Material shown:
►

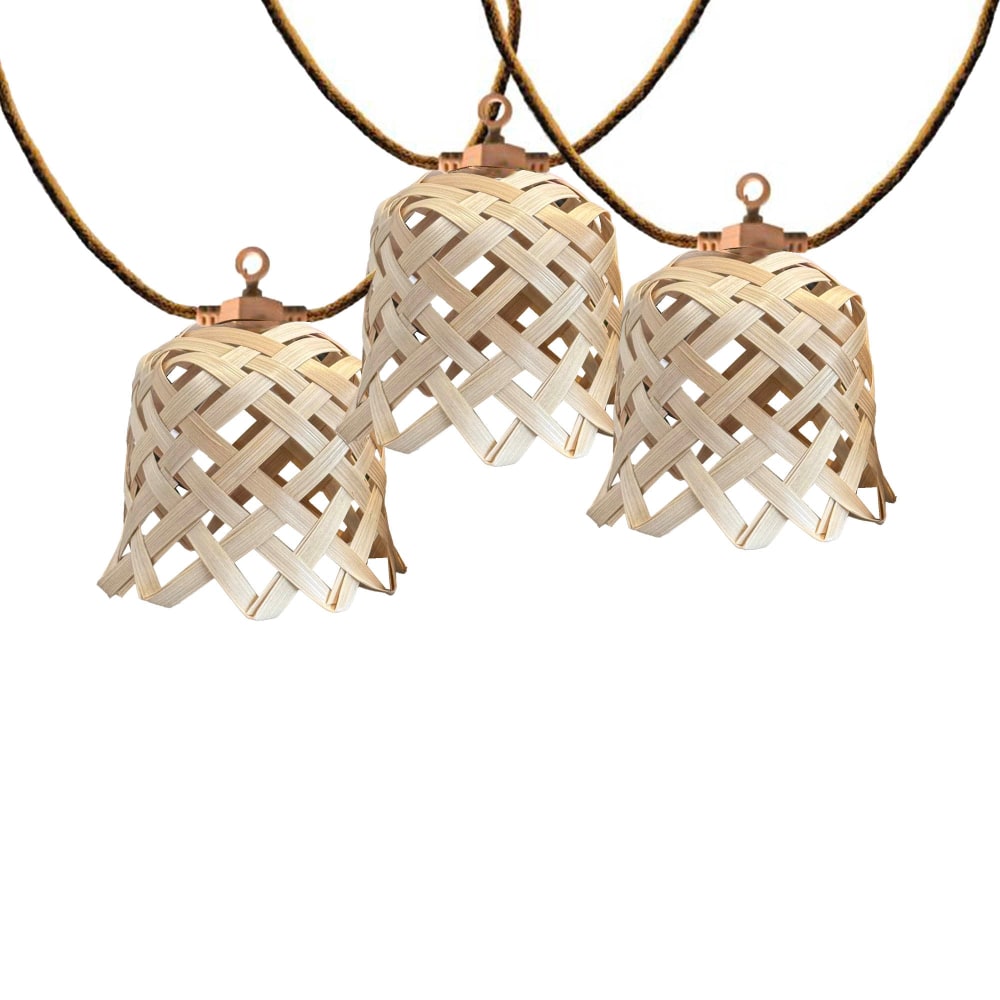 Guirlande solaire Hybride Bambou Beige 8m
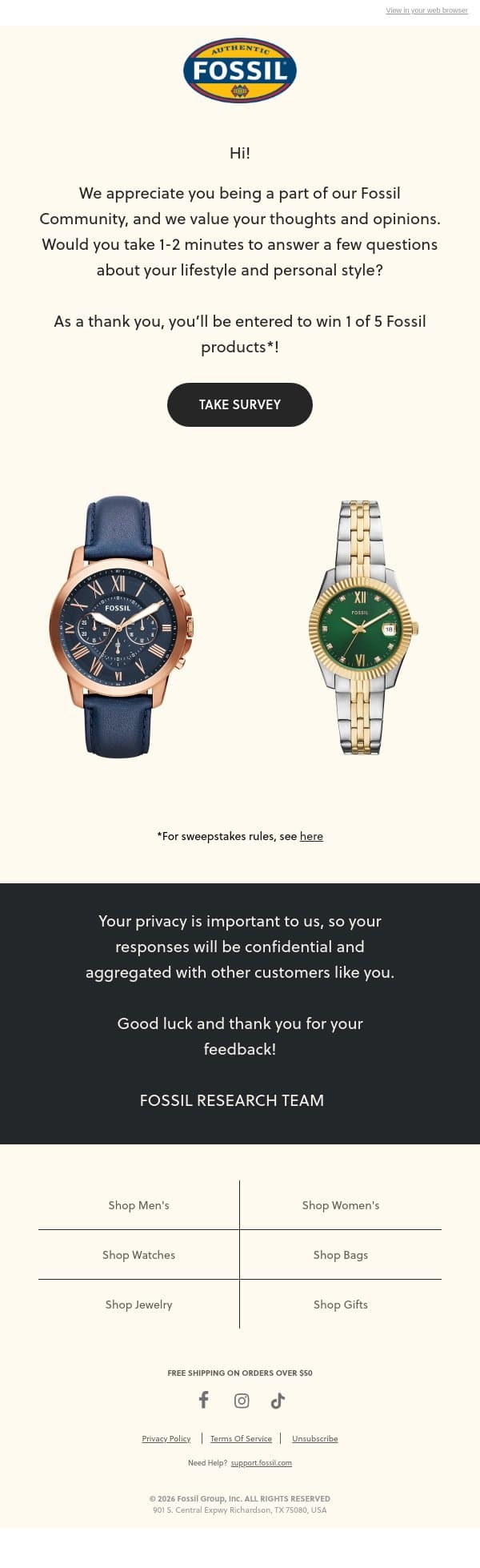 Take our style survey & you could win a Fossil product. email from Fossil screenshot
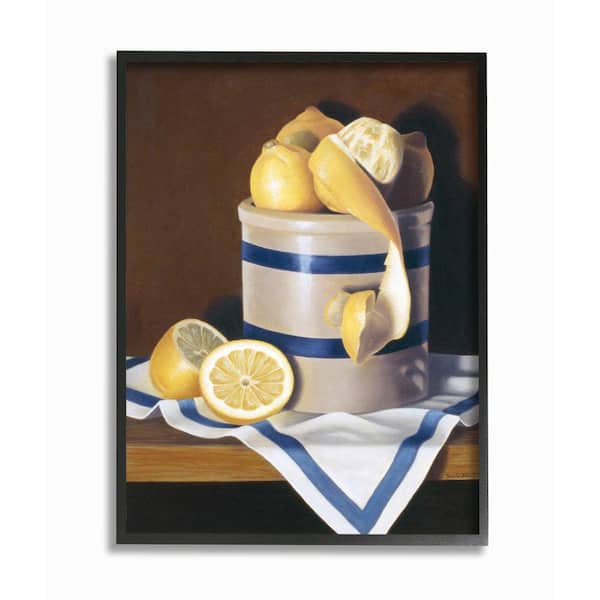Stupell Industries "Realistic Country Lemon Peel Jar Still-Life Painting" by Cecile Baird Framed Country Wall Art Print 11 in. x 14 in.
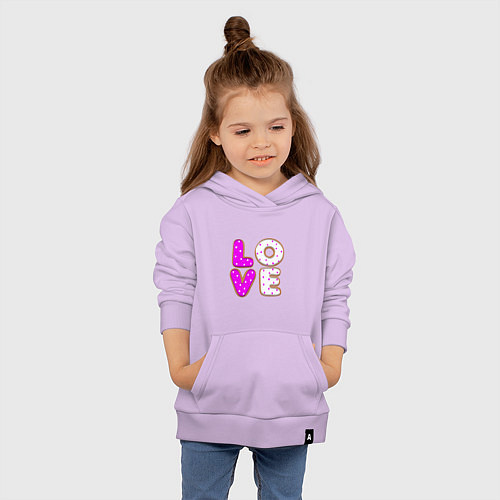 Детская толстовка-худи Love - розовый пряник / Лаванда – фото 4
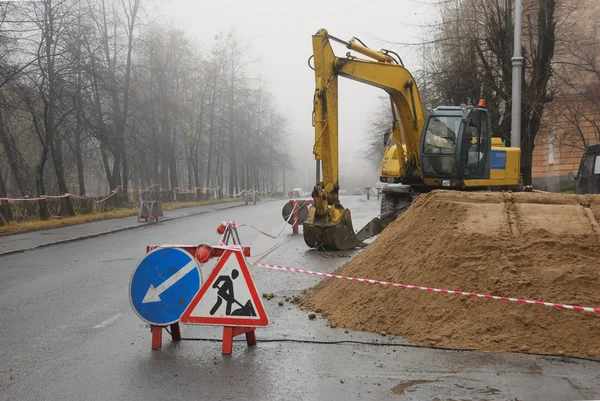 Straßenbauarbeiten — Stockfoto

◄

Aim of the task: Without including any picture, reproduce all of the material exactly.

Answer space:
 Guirlande solaire Hybride Bambou Beige 8m
 Take our style survey & you could win a Fossil product. email from Fossil screenshot
Stupell Industries "Realistic Country Lemon Peel Jar Still-Life Painting" by Cecile Baird Framed Country Wall Art Print 11 in. x 14 in.
 Детская толстовка-худи Love - розовый пряник / Лаванда – фото 4
 Straßenbauarbeiten — Stockfoto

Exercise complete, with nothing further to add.